Oozie is developed on a client-server architecture. Oozie server is a Java web application that runs Java servlet container within an embedded Apache Tomcat. Oozie provides three different type of clients to interact with the Oozie server: Command Line, Java Client API and HTTP REST API.
Oozie server does not store any in-memory information of the running jobs. It relies on RDBMS to store states and data of all the Oozie jobs. Every time it retrieves the job information from the database and stores updated information back into the database.
Oozie Server (can) sits outside of the Hadoop cluster and performs orchestration of the Hadoop jobs defined in a Oozie Workflow job.

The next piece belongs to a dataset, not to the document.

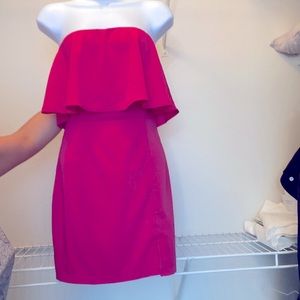 Hot pink off shoulder mini dress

A simplest Oozie application is consists of a workflow logic file (workflow.xml), workflow properties file (job.properties/job.xml) and required JAR files, scripts and configuration files. Except the workflow properties file, all the other files should to be stored in a HDFS location. The workflow properties file should be available locally, from where Oozie application is submitted and started.
The HDFS directory, where workflow.xml is stored along with other scripts and configuration files, is called Oozie workflow application directory. All the JAR files should be stored under a /lib directory in the oozie application directory.

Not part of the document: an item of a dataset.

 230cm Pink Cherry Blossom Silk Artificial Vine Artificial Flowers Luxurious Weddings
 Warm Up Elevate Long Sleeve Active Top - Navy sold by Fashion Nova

The more complex Oozie applications can consist of coordinators (coordinator.xml) and bundle (bundle.xml) logic files. These files are also stored in the HDFS into a respective Oozie application directory.

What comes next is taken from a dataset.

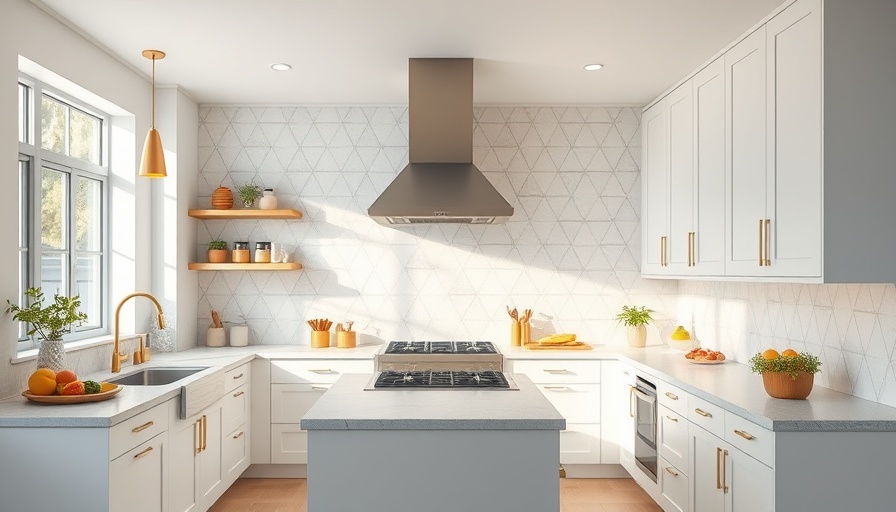 Modern kitchen with geometric backsplash and stainless steel features.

When using the Oozie Proxy job submission API for submitting the Oozie Hive
, Pig
, and Sqoop
actions. To pass any configuration to the action, is required to be in below format.
For Hive action:
<property>
<name>oozie.hive.options.1</name>
<value>-Doozie.launcher.mapreduce.job.queuename=hive</value>
</property>
<property>
<name>oozie.hive.options.0</name>
<value>-Dmapreduce.job.queuename=hive</value>
</property>
<property>
<name>oozie.hive.options.size</name>
<value>2</value>
</property>
For Pig Action:
<property>
<name>oozie.pig.options.1</name>
<value>-Doozie.launcher.mapreduce.job.queuename=pig</value>
</property>
<property>
<name>oozie.pig.options.0</name>
<value>-Dmapreduce.job.queuename=pig</value>
</property>
<property>
<name>oozie.pig.options.size</name>
<value>2</value>
</property>
For Sqoop Action:
<property>
<name>oozie.sqoop.options.1</name>
<value>-Doozie.launcher.mapreduce.job.queuename=sqoop</value>
</property>
<property>
<name>oozie.sqoop.options.0</name>
<value>-Dmapreduce.job.queuename=sqoop</value>
</property>
<property>
<name>oozie.sqoop.options.size</name>
<value>2</value>
</property>